(c.l.) – Per il Municipio di Gerusalemme, la battaglia fiscale è aperta: le Chiese di Gerusalemme devono pagare le tasse comunali (che vanno sotto il nome di Arnona) sulle proprietà utilizzate a fini commerciali. Resta invece esclusa ogni tassazione sui luoghi di culto e di preghiera. Dal canto loro, i 13 patriarchi e capi delle Chiese di Terra Santa hanno replicato all’amministrazione cittadina con una dichiarazione comune, datata 14 febbraio, nella quale si dicono «fermi e uniti nella difesa della nostra presenza e delle nostre proprietà».
Tutti i firmatari, dall’amministratore apostolico del patriarcato latino, mons. Pierbattista Pizzaballa, al Custode di Terra Santa, fra Francesco Patton, passando per il patriarca greco-ortodosso Theophilos III e per quello armeno Nourhan Manoughian, considerano la posizione della municipalità contraria «alla posizione storica tra le Chiese [presenti] nella Città Santa di Gerusalemme e le autorità civili [che si sono succedute] nel corso dei secoli». Autorità che – osservano i firmatari del comunicato – «hanno sempre riconosciuto e rispettato il grande contributo delle Chiese cristiane, le quali hanno investito miliardi in Terra Santa per costruire scuole, ospedali e case, tra cui molte destinate ad anziani e svantaggiati».
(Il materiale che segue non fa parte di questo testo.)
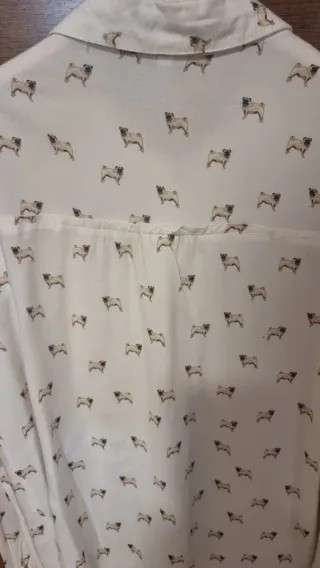 Camisa BERSHKA niña estampada perros talla XS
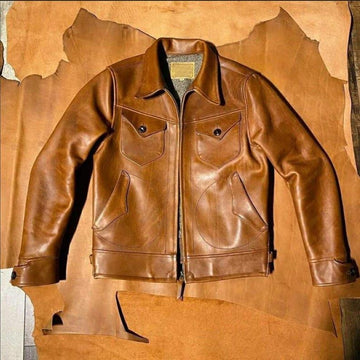 Men's Vintage Brown Leather Jacket | Handmade Western Cowboy Style Slim Fit Biker Jacket for Men | Genuine Rustic Brown Leather Outerwear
Gli ecclesiastici dichiarano che «una simile misura (l’intimazione comunale al versamento delle tasse – ndr) danneggia il carattere sacro di Gerusalemme e mette a repentaglio la capacità della Chiesa di condure il proprio ministero in questa terra a nome delle sue comunità e della Chiesa presente nel mondo intero». Forti di questa convinzione i dignitari ecclesiastici chiedono alla municipalità di Gerusalemme di tornare sui suoi passi «e di continuare a vigilare perché lo status quo, sancito dalla storia sacra sia sostenuto, e il carattere della Città Santa di Gerusalemme non venga violato».